Assignment: No pictures belong in the result; set down exactly the lines from the one containing "2010 Ford Taurus" through the final line of the listing, and nothing more.

Data segment:
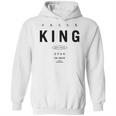 Tokyo Undrgrnd Japan Isle Of Dogs King Hoodie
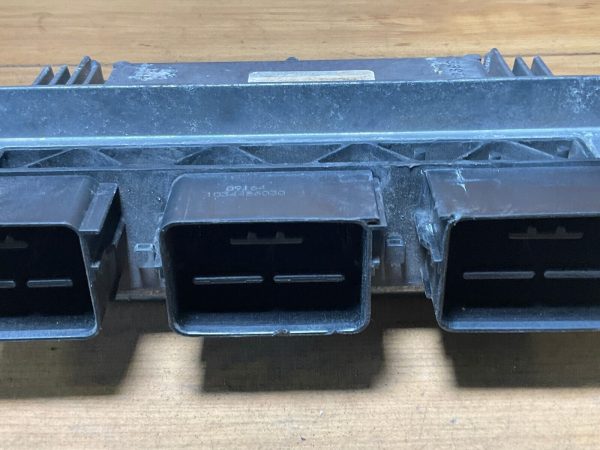 2010 Ford Taurus 3.5L Engine Computer Module ECU ECM PCM AA5A-12A650-DF - Image 5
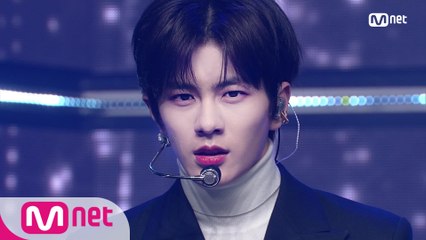 '골든차일드'의 다채로운 매력! '안아줄게(Burn It)' 무대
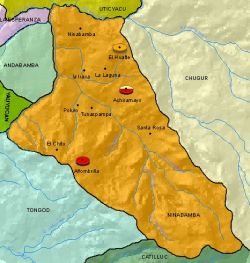 Ver mapa dinmico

Answer below:
 2010 Ford Taurus 3.5L Engine Computer Module ECU ECM PCM AA5A-12A650-DF - Image 5
 '골든차일드'의 다채로운 매력! '안아줄게(Burn It)' 무대
 Ver mapa dinmico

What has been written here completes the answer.